If a line comes after the one containing "season banden/Dealer Onderhouden", leave it out; copy every line before it, and that line too, exactly as written, starting from the first line of the entries.

[Scraped caption text data]
-=-=-=-=-

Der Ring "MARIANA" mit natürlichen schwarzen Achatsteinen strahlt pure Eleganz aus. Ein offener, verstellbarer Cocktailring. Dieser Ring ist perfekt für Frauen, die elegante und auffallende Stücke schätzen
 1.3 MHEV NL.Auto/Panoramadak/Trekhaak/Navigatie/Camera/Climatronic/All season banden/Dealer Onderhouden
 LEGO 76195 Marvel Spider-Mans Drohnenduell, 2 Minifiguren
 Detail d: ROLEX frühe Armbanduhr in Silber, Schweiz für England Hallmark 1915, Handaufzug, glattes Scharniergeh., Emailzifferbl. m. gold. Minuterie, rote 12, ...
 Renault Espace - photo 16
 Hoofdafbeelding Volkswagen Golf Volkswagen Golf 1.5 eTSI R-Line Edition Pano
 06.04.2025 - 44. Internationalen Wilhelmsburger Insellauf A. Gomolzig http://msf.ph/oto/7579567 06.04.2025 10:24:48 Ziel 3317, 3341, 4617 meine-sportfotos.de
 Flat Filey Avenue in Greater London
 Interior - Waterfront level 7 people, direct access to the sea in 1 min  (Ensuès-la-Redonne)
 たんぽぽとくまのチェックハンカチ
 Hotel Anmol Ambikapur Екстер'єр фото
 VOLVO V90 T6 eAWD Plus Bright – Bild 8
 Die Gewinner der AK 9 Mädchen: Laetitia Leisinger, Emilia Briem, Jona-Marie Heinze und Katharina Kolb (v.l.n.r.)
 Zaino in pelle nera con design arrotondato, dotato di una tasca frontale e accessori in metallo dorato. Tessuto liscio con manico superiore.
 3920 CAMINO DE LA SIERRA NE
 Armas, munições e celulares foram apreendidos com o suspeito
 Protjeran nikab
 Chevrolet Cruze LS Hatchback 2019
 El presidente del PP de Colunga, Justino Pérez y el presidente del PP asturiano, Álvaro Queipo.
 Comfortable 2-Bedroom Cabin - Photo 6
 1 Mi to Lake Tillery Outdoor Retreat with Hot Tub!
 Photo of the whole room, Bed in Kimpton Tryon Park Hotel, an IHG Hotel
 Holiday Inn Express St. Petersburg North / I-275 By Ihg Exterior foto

-=-=-=-=-

_Result_
Der Ring "MARIANA" mit natürlichen schwarzen Achatsteinen strahlt pure Eleganz aus. Ein offener, verstellbarer Cocktailring. Dieser Ring ist perfekt für Frauen, die elegante und auffallende Stücke schätzen
 1.3 MHEV NL.Auto/Panoramadak/Trekhaak/Navigatie/Camera/Climatronic/All season banden/Dealer Onderhouden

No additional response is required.